■ Instructions to follow
Look below for the line that has "3.3 Field Trip （3.3フィールドトリップ）の「3.3"; output exactly from it through the line that has "Double Exposure Portrait: Cherry", and leave the pictures out.

■ Material supplied

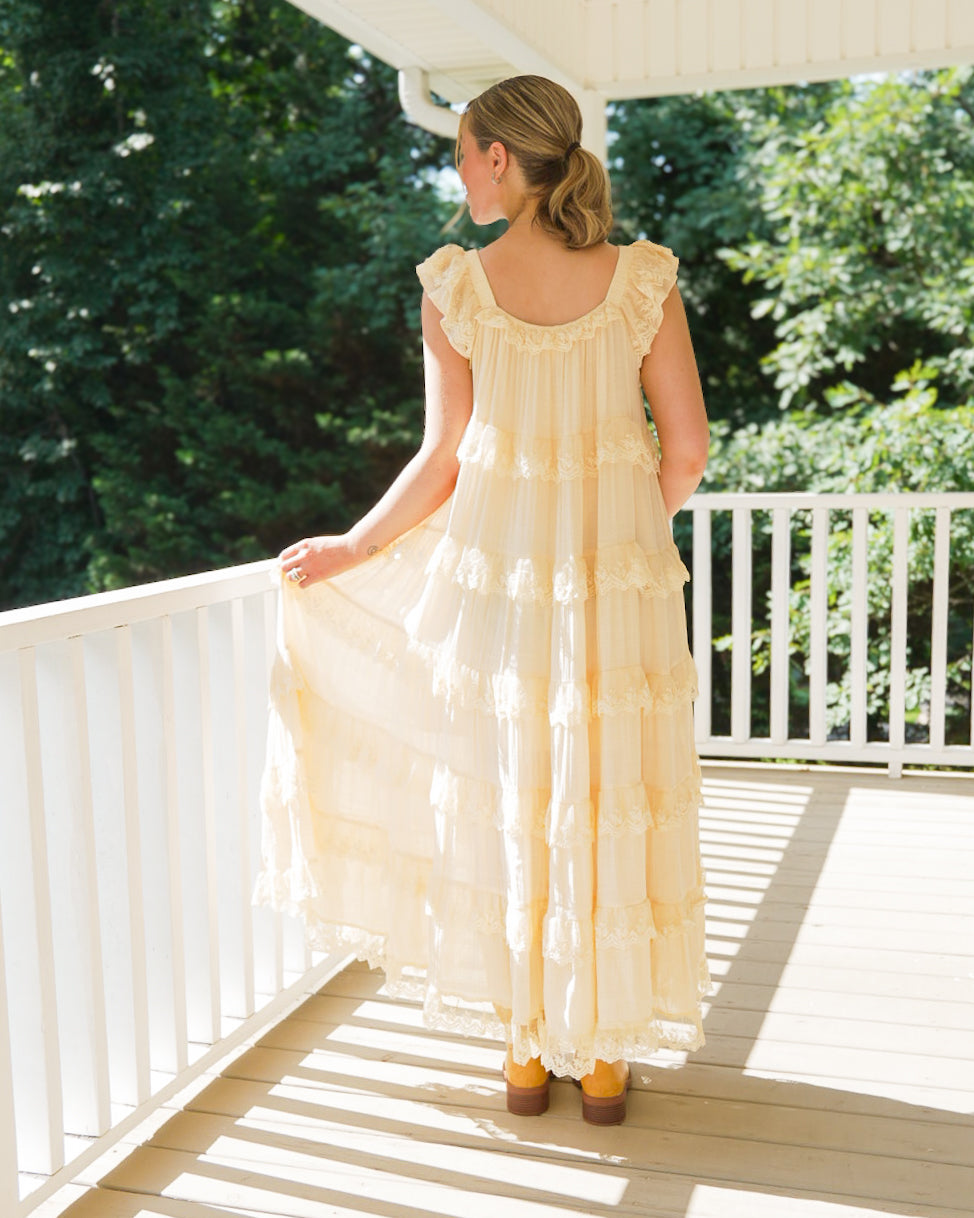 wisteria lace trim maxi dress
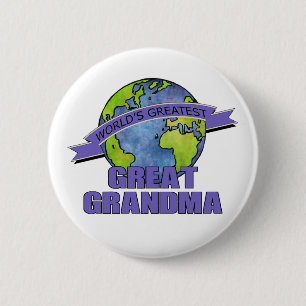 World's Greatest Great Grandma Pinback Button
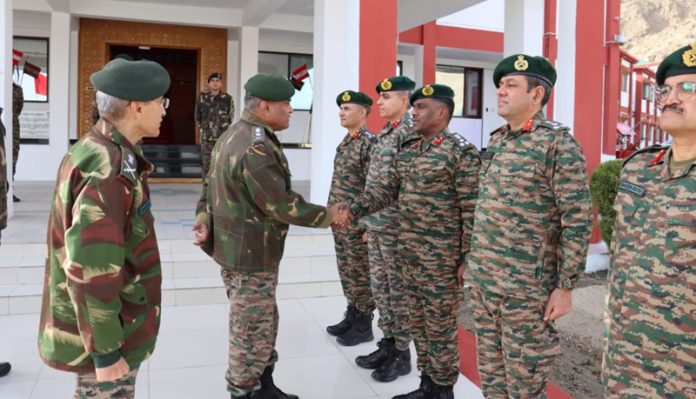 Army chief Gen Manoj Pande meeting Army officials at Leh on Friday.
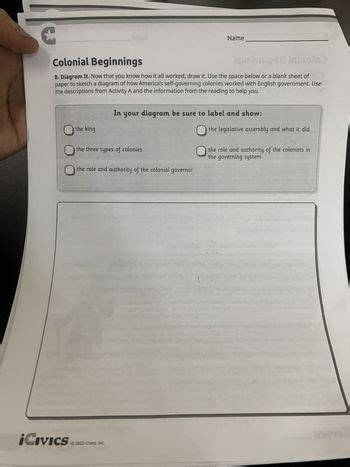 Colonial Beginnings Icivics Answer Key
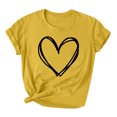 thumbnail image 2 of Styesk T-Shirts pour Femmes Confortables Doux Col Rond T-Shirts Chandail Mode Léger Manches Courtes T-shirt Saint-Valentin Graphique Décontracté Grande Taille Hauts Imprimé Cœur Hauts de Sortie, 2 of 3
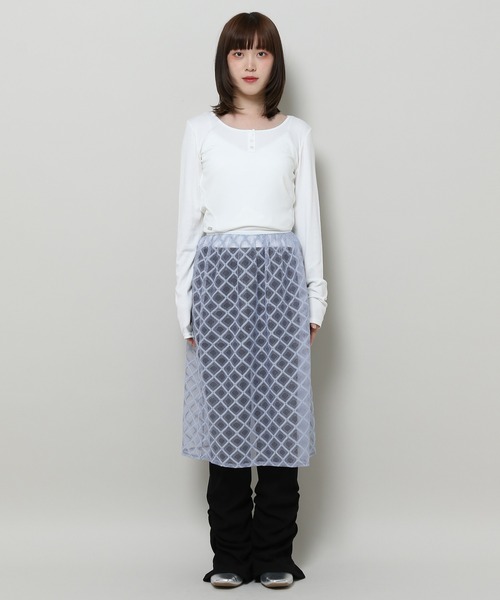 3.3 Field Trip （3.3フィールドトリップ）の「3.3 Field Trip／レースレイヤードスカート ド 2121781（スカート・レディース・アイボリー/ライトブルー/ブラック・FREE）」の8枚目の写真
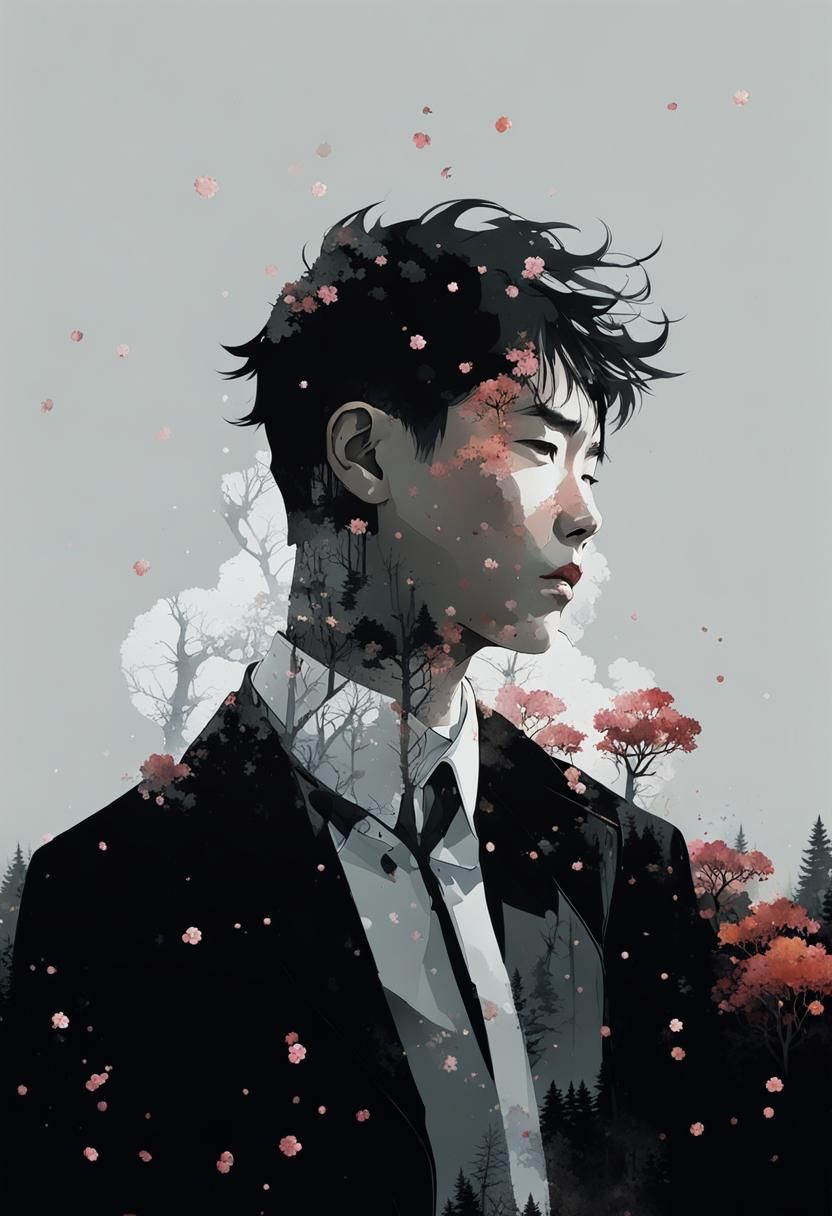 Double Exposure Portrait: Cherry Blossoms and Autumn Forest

* * *

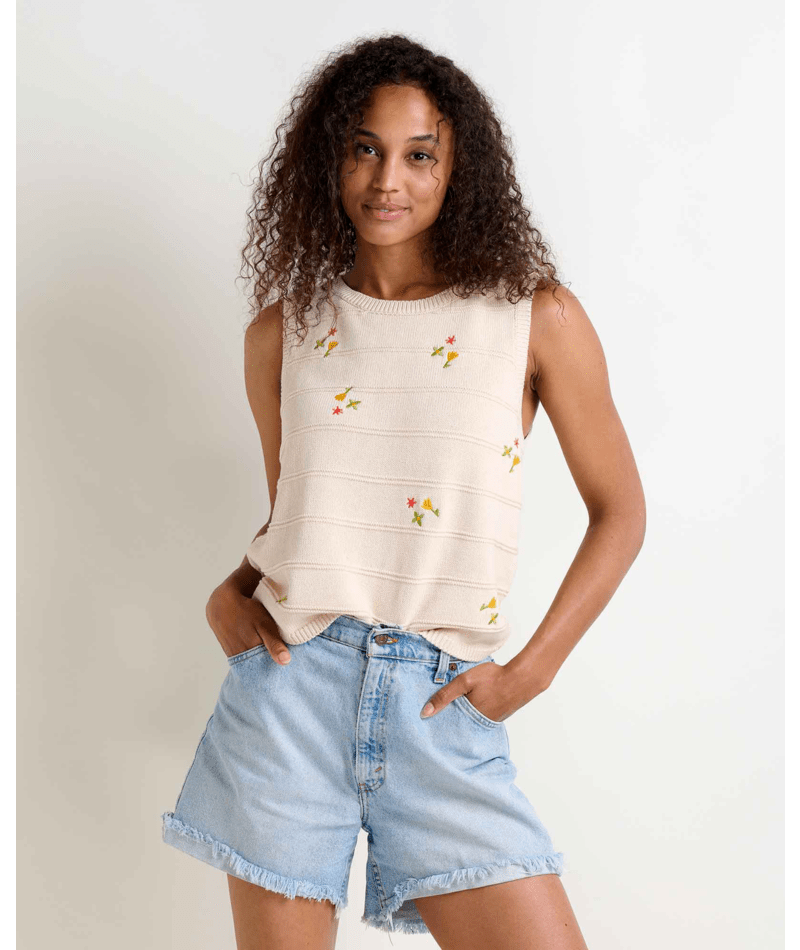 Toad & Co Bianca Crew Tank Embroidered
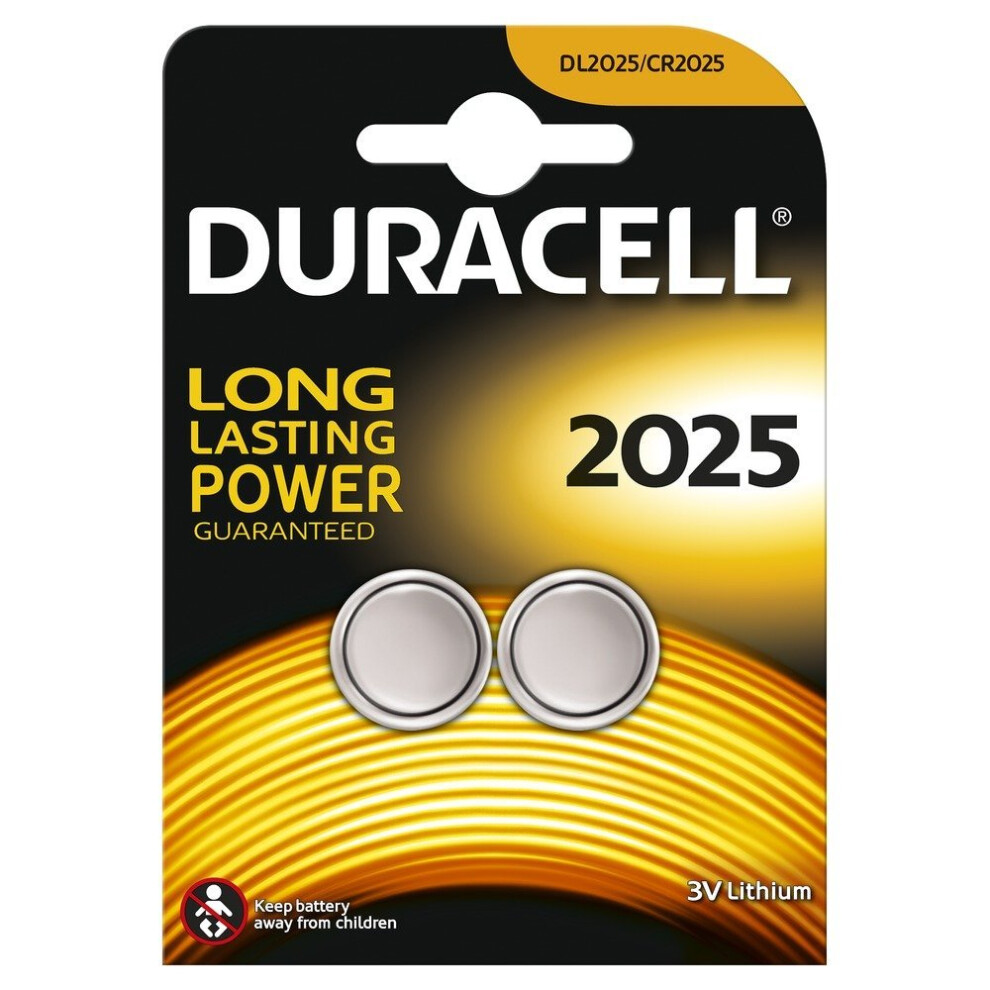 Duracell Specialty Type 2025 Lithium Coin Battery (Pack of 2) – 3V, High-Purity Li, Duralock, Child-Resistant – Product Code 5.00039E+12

---

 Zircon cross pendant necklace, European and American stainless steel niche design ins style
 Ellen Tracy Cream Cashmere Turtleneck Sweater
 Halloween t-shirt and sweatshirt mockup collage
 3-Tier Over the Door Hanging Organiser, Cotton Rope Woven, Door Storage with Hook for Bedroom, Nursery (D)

■ Response box
 3.3 Field Trip （3.3フィールドトリップ）の「3.3 Field Trip／レースレイヤードスカート ド 2121781（スカート・レディース・アイボリー/ライトブルー/ブラック・FREE）」の8枚目の写真
 Double Exposure Portrait: Cherry Blossoms and Autumn Forest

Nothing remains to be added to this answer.